Friday, 24 June 2016

Tea tasting notes : Dragonfly Earl Grey Rooibos

Who'd have thought it, a natural blend Rooibos tea that tastes like the classic Earl Grey. A refreshingly different take on the traditional tea that still retains the signature flavours but with a caffeine free boost.

As a ritualistic tea drinker taking in a healthier, caffeine free tea is something that I really should be doing more often to balance out all that tea drinking, so a Rooibos blend certainly ticks all the healthy boxes. If you've never tried one before Rooibos, or Red Bush tea as it's sometimes referred to, is taken from the leaves of the Rooibos plant, generally grown in South Africa.
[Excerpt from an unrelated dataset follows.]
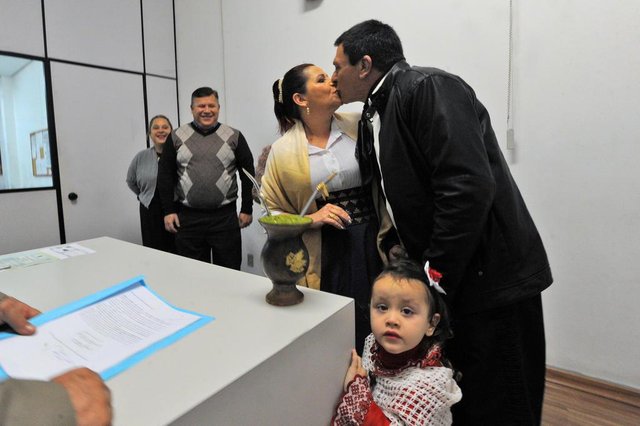 Santa Maria, RS, Brasil, 16/09/2017.Casal que est&aacute; junto h&aacute; 27 anos oficializa o casamento em cart&oacute;rio de Santa Maria vestido com roupas tradicionalistas.Indexador: GERMANO RORATO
Much like your traditional tea the leaves are oxidized giving them their distinguished reddish brown tinge which also helps to enhance the flavour. It's gently hydrating and low in tannin, being caffeine free it's certainly a healthier brew. An acquired taste, if you've never had one before it's best to go in gently and try a flavoured blend so this Earl grey blend is a great brew to start on.

This Earl grey blend takes the traditional flavour of bergamot and orange and blends them with the Rooibos leaf, described as "Zesty fresh citrus aroma, slightly dry, with a rounded and balanced orange rind flavour". A tea bag blend that we've tried both brewed in a cup and in a tea pot, this blend is best brewed for no more than a minute.

The difference with Rooibos to traditional tea is that it has a stronger taste so you don't want to leave in too long or you'll be left with a rather bitter tasting cuppa. You can add a dash of milk though to this brew or take it with a slice of lemon dependant on your personal preference.

It's a surprisingly refreshing blend with a pleasantly smooth texture and a fragrant bergamot essence that's delighfully sweet. Not as dry as a traditional Earl grey blend and certainly lighter.

Rooibos is an acquired taste so it may take a while to get used to this blend, but you may find yourself pleasantly surprised.